The financial statements have been prepared under the historical cost convention. The principal accounting policies adopted are set out below.

 

The Group interim financial statements consolidate the financial statements of the parent company and its subsidiary undertakings drawn up to 30 June 2020. The results of subsidiaries acquired or sold are consolidated for periods from or to the date on which control passed.

 

Business combinations are accounted for in accordance with International Financial Reporting Standards. Acquisitions of subsidiaries and businesses are accounted for using the acquisition method. The consideration of each acquisition is measured as the aggregate of the fair values (at the date of exchange) or cash and other assets given, liabilities incurred or assigned and equity instruments issued by the Group in exchange for control of the acquiree.

 

 

 

 

1.2

Going concern

 

 

 

The Directors, having made due and careful enquiry and preparing forecasts, are of the opinion that the Company has adequate working capital to execute its operation over the next 12 months.

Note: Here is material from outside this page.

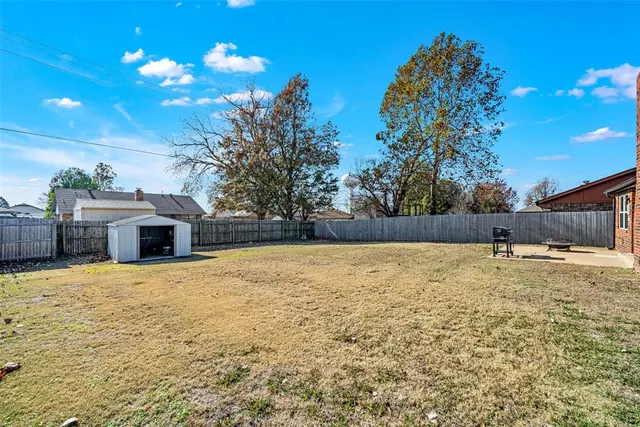 Photo 3 — 512 Wood Hollow Lane, Moore, OK 73160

The directors, therefore, have made an informed judgement, at the time of approving the financial statements, that there is a reasonable expectation that the Company has adequate resources to continue in operational existence for the foreseeable future. As a result, the directors have continued to adopt the going concern basis of accounting in preparing the interim statements.

 

 

 

 

1.3

Property, plant and equipment

 

 

 

Property, plant and equipment are initially measured at cost and subsequently measured at cost or valuation, net of depreciation and any impairment losses.

 

 

 

 

 

Depreciation is provided at the following annual rates in order to write off the cost less estimated residual value of each asset over its estimated useful life.

 

 

 

 

 

Computers

33.33%

 

 

 

 

The gain or loss arising on the disposal of an asset is determined as the difference between the sale proceeds and the carrying value of the asset, and is recognised in the income statement.

 

 

 

 

1

Accounting policies

 

 

 

1.4

Cash and cash equivalents

 

 

 

Cash and cash equivalents include cash in hand, deposits held at call with banks, other short-term liquid investments with original maturities of three months or less, and bank overdrafts. Bank overdrafts are shown within borrowings in current liabilities.

 

 

 

 

1.5

Financial instruments

 

 

 

A financial instrument is a contract that gives rise to a financial asset of one entity and a financial liability or equity instrument of another entity. Financial assets and liabilities comprise non-derivative and derivative receivables and payables.

 

 

 

 

 

Classification: Financial assets

 

 

 

The Group classifies financial assets in the following measurement categories:

· financial assets subsequently measured at fair value (either through other comprehensive income or through profit or loss), and

· financial assets measured at amortised cost.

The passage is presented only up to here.